Die Ecception sollte relative selbsterklärend sein, deswegen geh ich da jetzt nicht weiter drauf ein.

Habe jetzt dein QC fix überflogen und gesehen, dass du relative viele Objekte erzeugst. Das kann ein Grund sein warum du auf diese Exception stößt.
Versuch mal dein QC durch zu gehen und Instanzen die du nicht brauchst zu löschen Sodass du unnötigen Speicher frei machst.

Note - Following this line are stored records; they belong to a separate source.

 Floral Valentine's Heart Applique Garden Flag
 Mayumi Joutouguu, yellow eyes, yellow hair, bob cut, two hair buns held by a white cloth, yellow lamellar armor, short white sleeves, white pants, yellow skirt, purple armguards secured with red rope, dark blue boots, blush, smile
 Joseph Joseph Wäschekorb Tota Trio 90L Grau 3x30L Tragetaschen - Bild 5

Für weitere Infos einfach mal outofmemory exception bei Google eingeben ;-)


----------



## Meniskusschaden (16. Okt 2016)

Das Problem ist noch immer dasselbe, wie in meinem vorigen Post beschrieben. Irgendwann ist der Speicher dann eben voll.


----------



## ioannis_m (16. Okt 2016)

Hallo Meniskusschaden, 

ich übergebe der Methode den Parameter numberE und somit setze ich die Instanzvariable numberE, die wiederum getE() zurückgibt (-eben sollte?)..


----------



## Meniskusschaden (16. Okt 2016)

Und mit jedem Aufruf von insert() erhöhst du numberE dann um eins.


----------



## ioannis_m (16. Okt 2016)

Ach ja, habe es gerade gerafft...

Vielen Dank an beide.

Gute Nacht
ioannis


----------